The Village in the Woods

It’s almost as though the village in the woods doesn’t want to be found, the aged wooden signpost marked as Coopers Cross while the map lists it as Coppers Cross, the country road seeming to lead them in circles as they drive through the night before the car unceremoniously decides to die, forcing them to shelter under sleeping bags until the dawn reveals just how close they were to their destination.

Through the trees and the perpetual fog is the dilapidated former glory of the Harbour Inn, once the centrepiece of the village and now passed to Rebecca in an inheritance; the first problem is that the woman in the car alongside her boyfriend Jason (Robert Vernon) is not Rebecca but Nicky (Beth Park), hoping to pass herself off in order to make some money and get ahead for the first time in their lives.

The second problem is the elderly squatter upstairs, Arthur (Sidney Kean), who refuses to answer the door and is threatening when confronted, the third is the general oddness of the villagers, particularly the overly familiar Maddy (Therese Bradley), their strangeness beyond the eccentricity of country manners, and soon Nicky feels that they are on to them, possibly because Jason is constantly shouting her real name.

Directed, produced and edited by Raine McCormack from a script co-written with John Hoernschemeyer, The Village in the Woods is a low-budget British horror set largely in and around a single location, the shell of the Old Harbour which never really convinces as an easy scam for Nicky and Jason seeing as it will take more cash to renovate than they will ever make in takings in a village of apparently five occupants.

Playing off the tropes of folk horror, with endless fog rolling through the dense forest, charms hung from the branches by the peculiar locals and an upstairs room with a budget pagan totem and a wedding dress with a choker of twigs and bird skulls, the acting is stilted but perhaps as good as it can be with the script which seems to add swearing whenever a scene runs short or restating established points, Nicky and Jason having the same conversation about leaving multiple times while the villagers gurn archly.
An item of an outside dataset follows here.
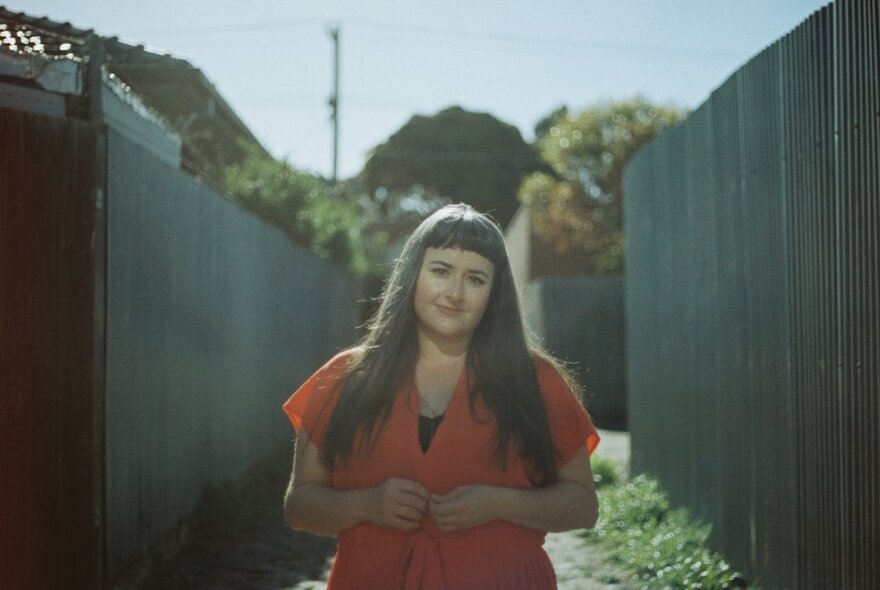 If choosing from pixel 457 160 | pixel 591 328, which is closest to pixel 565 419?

The lure by which Nicky and Jason were brought to the village in the woods as sketchy as their plan and preparation, the eventual reveal of the true nature of the locals and the ritual they conduct every three hundred lunar cycles is a preposterous broadside of exposition parachuted in as an act of narrative desperation rather than anything which has been hinted at or foreshadowed, the atmospheric visuals of the forest and the nocturnal activities failing to compensate for the endemic lack of originality.